··· Extracted data ···

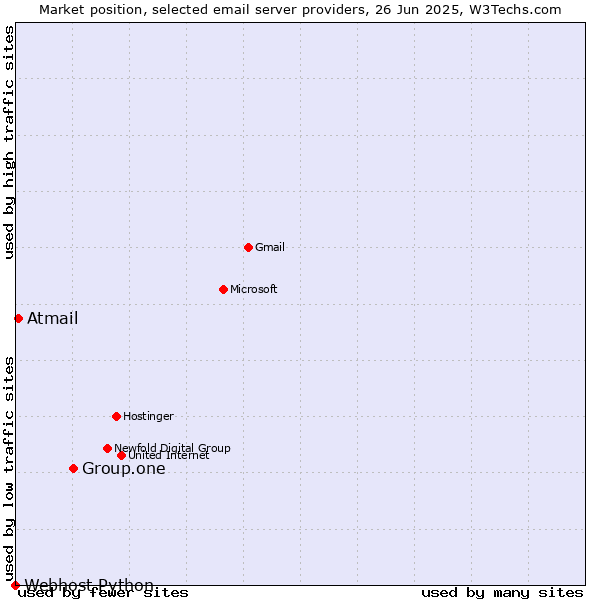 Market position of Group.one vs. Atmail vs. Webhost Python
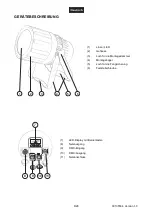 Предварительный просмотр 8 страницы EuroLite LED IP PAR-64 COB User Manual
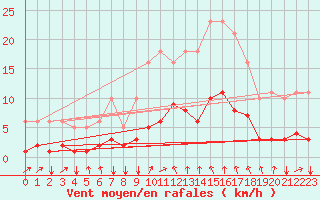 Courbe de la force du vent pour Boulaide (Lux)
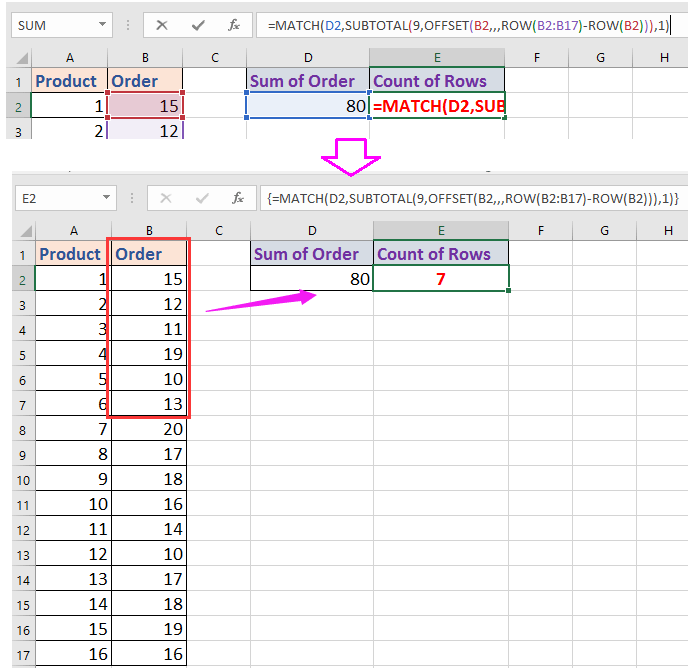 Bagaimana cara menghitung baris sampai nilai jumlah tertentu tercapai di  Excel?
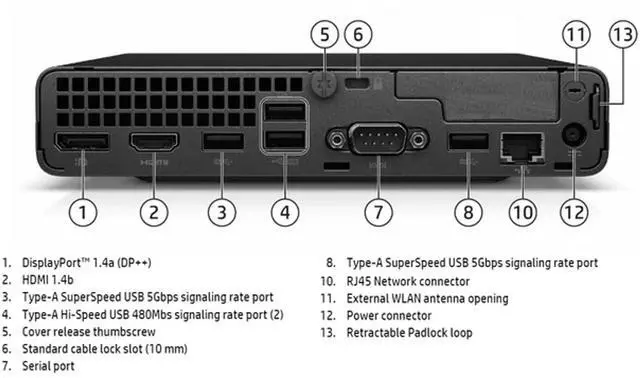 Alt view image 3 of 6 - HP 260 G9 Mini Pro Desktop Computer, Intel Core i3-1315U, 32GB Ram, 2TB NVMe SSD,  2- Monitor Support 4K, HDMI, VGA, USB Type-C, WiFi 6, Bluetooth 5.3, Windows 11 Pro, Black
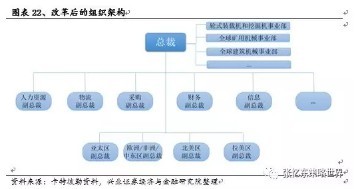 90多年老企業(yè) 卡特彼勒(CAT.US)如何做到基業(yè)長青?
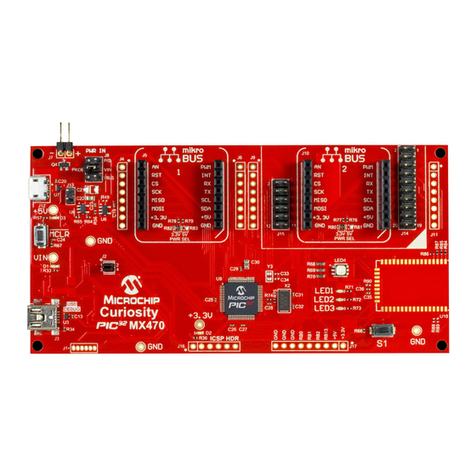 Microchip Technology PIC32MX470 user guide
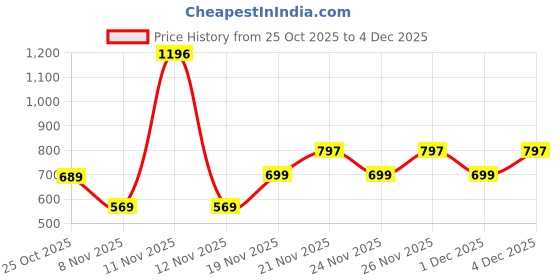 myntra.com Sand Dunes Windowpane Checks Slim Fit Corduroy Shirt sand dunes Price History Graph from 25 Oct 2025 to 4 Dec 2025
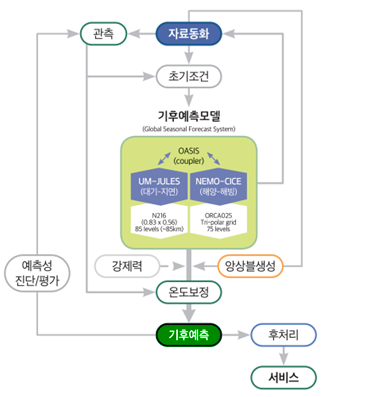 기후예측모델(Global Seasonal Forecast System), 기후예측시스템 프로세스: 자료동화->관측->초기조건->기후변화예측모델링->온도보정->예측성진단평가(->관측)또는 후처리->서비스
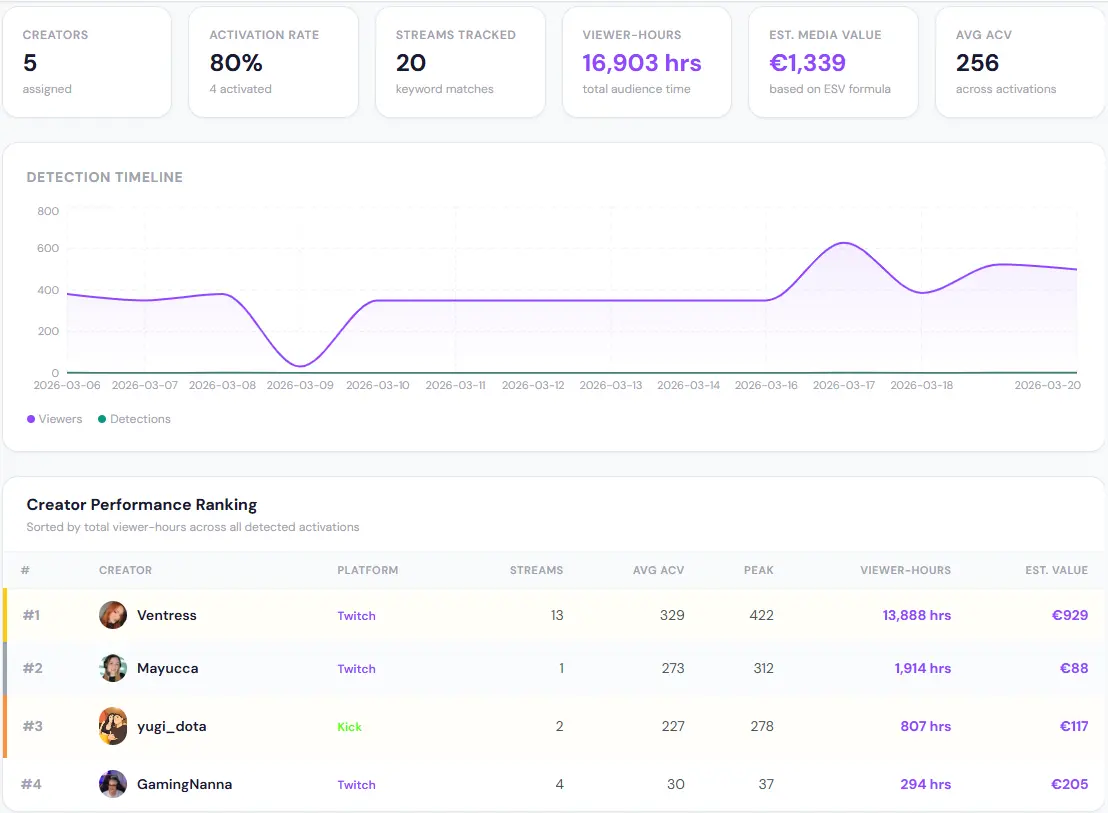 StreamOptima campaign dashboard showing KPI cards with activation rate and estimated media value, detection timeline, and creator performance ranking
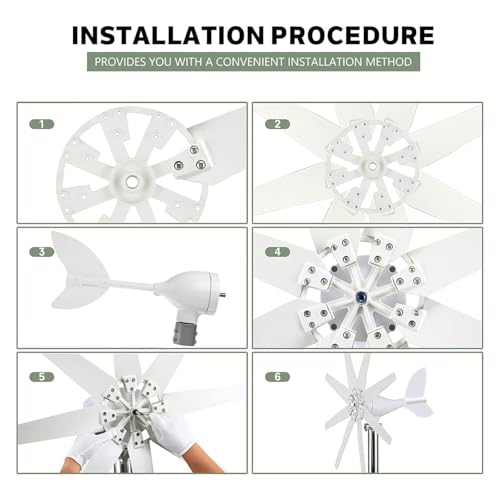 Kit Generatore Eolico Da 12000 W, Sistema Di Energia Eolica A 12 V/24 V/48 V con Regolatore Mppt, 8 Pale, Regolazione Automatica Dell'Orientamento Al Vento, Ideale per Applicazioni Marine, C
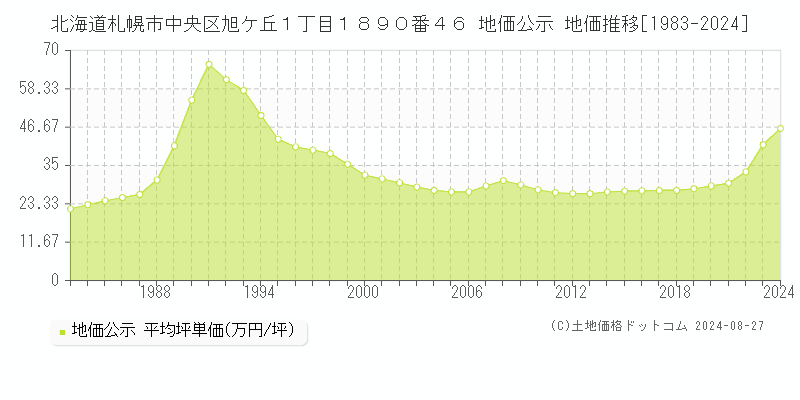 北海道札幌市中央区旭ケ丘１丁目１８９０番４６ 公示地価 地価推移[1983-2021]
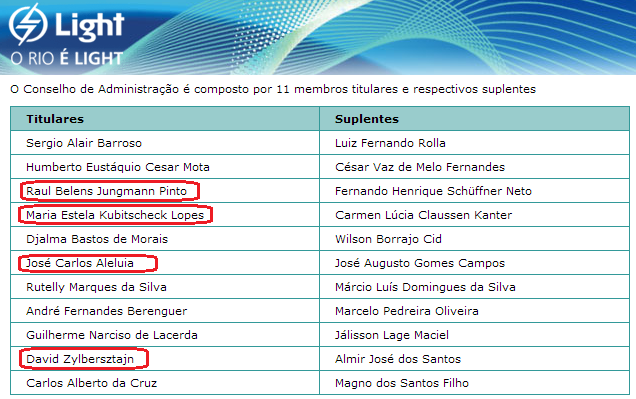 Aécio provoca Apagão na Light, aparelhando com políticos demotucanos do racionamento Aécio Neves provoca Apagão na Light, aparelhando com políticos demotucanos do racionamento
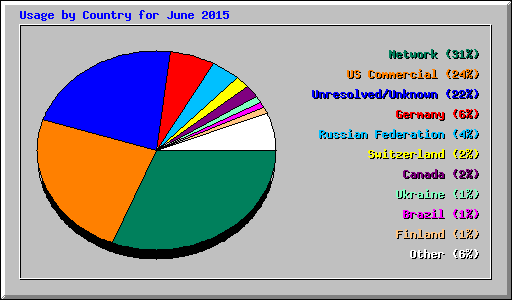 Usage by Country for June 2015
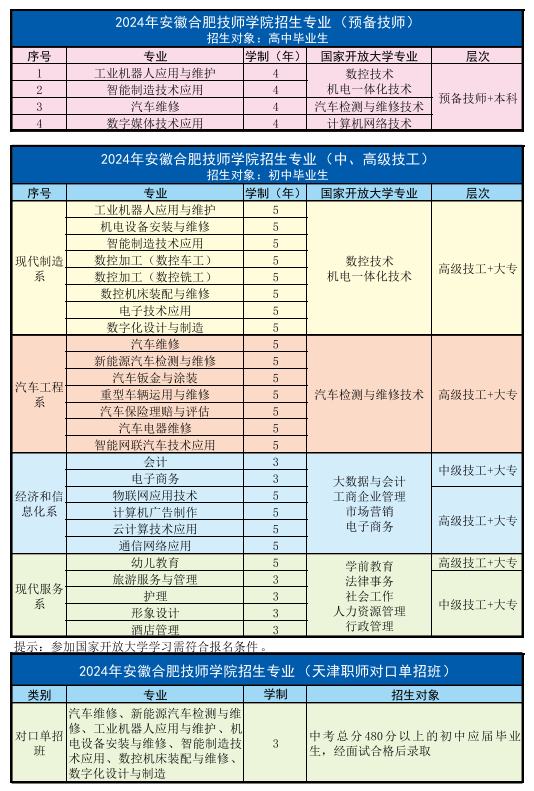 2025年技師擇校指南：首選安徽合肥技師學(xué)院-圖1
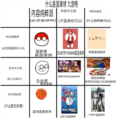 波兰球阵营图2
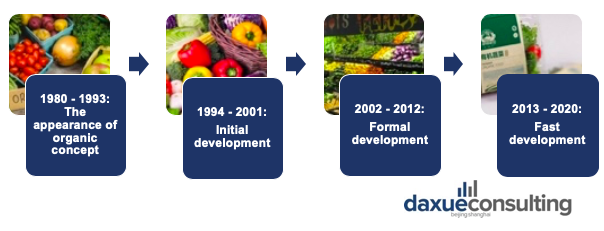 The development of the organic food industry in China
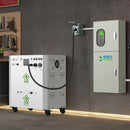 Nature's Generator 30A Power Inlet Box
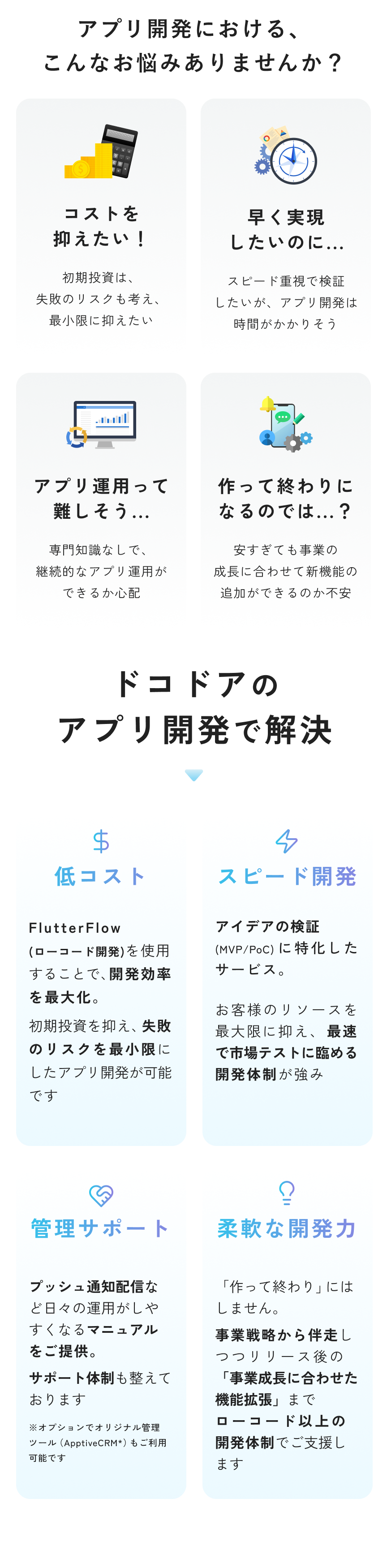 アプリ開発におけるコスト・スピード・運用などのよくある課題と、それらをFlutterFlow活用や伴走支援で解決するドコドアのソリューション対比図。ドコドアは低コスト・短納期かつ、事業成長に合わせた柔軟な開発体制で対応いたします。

···

- [Task prompt]: Retype the listing exactly. Leave the pictures out.

- [Problem solution]:
 Market position of Group.one vs. Atmail vs. Webhost Python
 Предварительный просмотр 8 страницы EuroLite LED IP PAR-64 COB User Manual
 Courbe de la force du vent pour Boulaide (Lux)
 Bagaimana cara menghitung baris sampai nilai jumlah tertentu tercapai di  Excel?
 Alt view image 3 of 6 - HP 260 G9 Mini Pro Desktop Computer, Intel Core i3-1315U, 32GB Ram, 2TB NVMe SSD,  2- Monitor Support 4K, HDMI, VGA, USB Type-C, WiFi 6, Bluetooth 5.3, Windows 11 Pro, Black
 90多年老企業(yè) 卡特彼勒(CAT.US)如何做到基業(yè)長青?
 Microchip Technology PIC32MX470 user guide
 myntra.com Sand Dunes Windowpane Checks Slim Fit Corduroy Shirt sand dunes Price History Graph from 25 Oct 2025 to 4 Dec 2025
 기후예측모델(Global Seasonal Forecast System), 기후예측시스템 프로세스: 자료동화->관측->초기조건->기후변화예측모델링->온도보정->예측성진단평가(->관측)또는 후처리->서비스
 StreamOptima campaign dashboard showing KPI cards with activation rate and estimated media value, detection timeline, and creator performance ranking
 Kit Generatore Eolico Da 12000 W, Sistema Di Energia Eolica A 12 V/24 V/48 V con Regolatore Mppt, 8 Pale, Regolazione Automatica Dell'Orientamento Al Vento, Ideale per Applicazioni Marine, C
 北海道札幌市中央区旭ケ丘１丁目１８９０番４６ 公示地価 地価推移[1983-2021]
 Aécio provoca Apagão na Light, aparelhando com políticos demotucanos do racionamento Aécio Neves provoca Apagão na Light, aparelhando com políticos demotucanos do racionamento
 Usage by Country for June 2015
 2025年技師擇校指南：首選安徽合肥技師學(xué)院-圖1
 波兰球阵营图2
 The development of the organic food industry in China
 Nature's Generator 30A Power Inlet Box
 アプリ開発におけるコスト・スピード・運用などのよくある課題と、それらをFlutterFlow活用や伴走支援で解決するドコドアのソリューション対比図。ドコドアは低コスト・短納期かつ、事業成長に合わせた柔軟な開発体制で対応いたします。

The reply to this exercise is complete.